Introducing...one of Mindy's old toys...way back from the 80's....


The Invisible Dog Leash!

Thursday, November 26

Thanksgiving Thankfulness Part 3

Happy Thanksgiving everyone!

I'm sitting here watching the Macy's Thanksgiving Day Parade...it makes me want to watch "Miracle on 34th St."

In reflecting on what I am most thankful for, it occurs to me that everything good about my life is because of God. So I am most thankful for Him. I'm thankful that He is Emmanuel...God with us. I'm thankful for the path He has led me on, even though there are things I'd change if I could...I trust that His path/plan is better! I'm thankful that because of Him I have salvation, companionship, forgiveness and a reason for living.

He was, He is and He always will be the only God worth serving and loving.

Wednesday, November 25

Thanksgiving Thankfulness, Part 2

I was all mentally set to post about being thankful for the energy that God provides....but.....this morning while doing my morning blog scan to see what has been newly posted, I came across Ryan Detzel's post on being thankful for something strange. So I decided to go with it.

I am thankful for repeats on TV.

--When I am in school, I appreciate repeats since it gives me a good excuse to turn off the TV without feeling like I'm going to miss something on my favorite shows.
--On the weekends or in the summer, I'm thankful that some shows are repeated so that I can find out what I missed when it originally aired.
--And when there is still nothing good on and I've all the repeats I'm interested in seeing, I'm thankful that repeats give me an opportunity to read a book (again, with the knowledge that I am not missing anything exciting).

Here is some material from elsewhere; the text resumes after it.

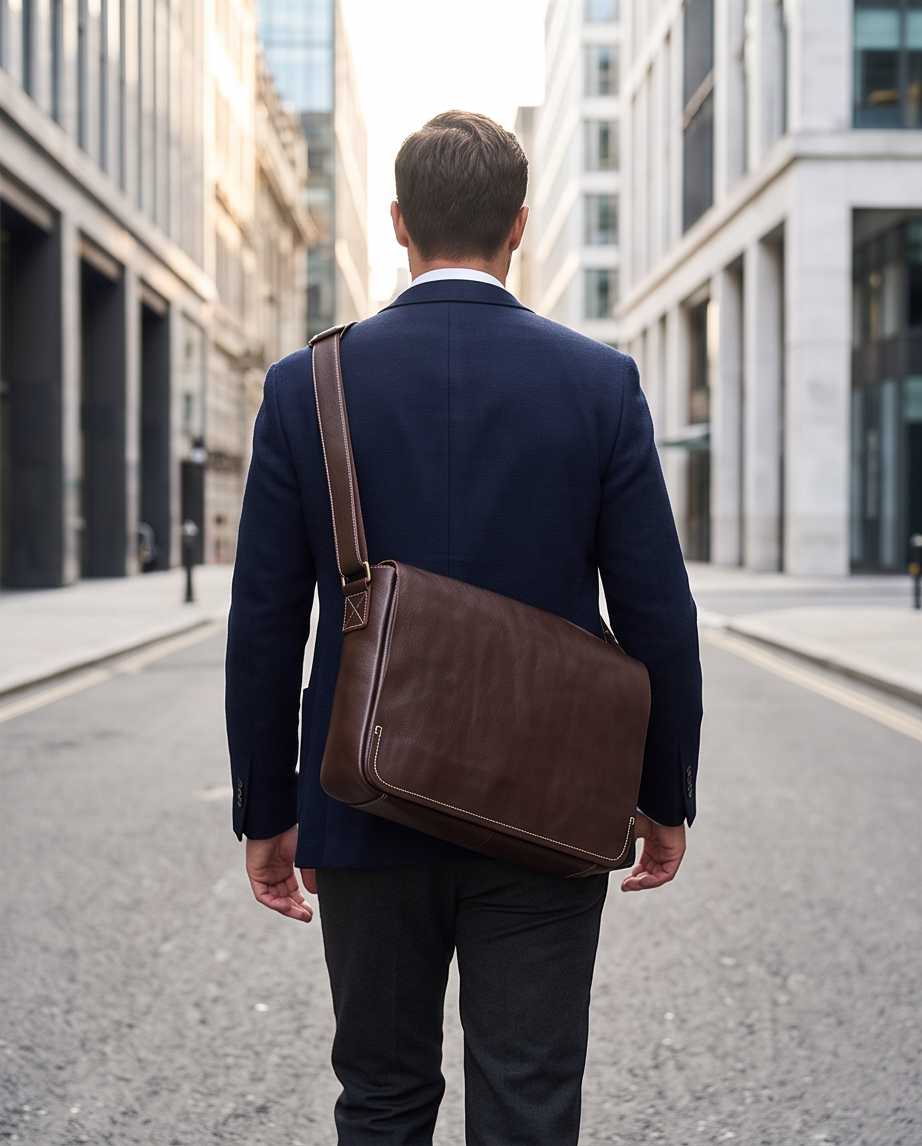 Q-TITAN Full-Grain Leather Messenger Bag – 15.6" Laptop, Crossbody Satchel, Work & Travel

I know this makes it sound like I watch TV all the time...I really don't. I just have a few shows that I "need" to watch each week and a couple others I watch whenever the stars align. And I know that DVR would aid in the process of seeing what I've missed but really...I'm a student...I don't have time for all that TV. I'm better off with repeats!

Tuesday, November 24

Thanksgiving Thankfulness, Part 1

I have a friend who is love and joy in flesh. I've known her for about 12 years but have only become close over the last 6 years.

She is quick to ask how things are going and will specifically inquire over certain elements of my life (school, time with God, running, ministry, boys, etc...whichever she knows is a main focus/struggle at that time). Because of her direct yet warm-hearted questions, I am continually challenged, both from conviction and encouragement, to persevere and to seek what is good.

She is so good at inquiring about me and getting me to talk that I find at times after we've met together, I have failed to inquire about her since I talked. The. Whole. Time. She has offered me such support and prayers over the years. I would not be me without her.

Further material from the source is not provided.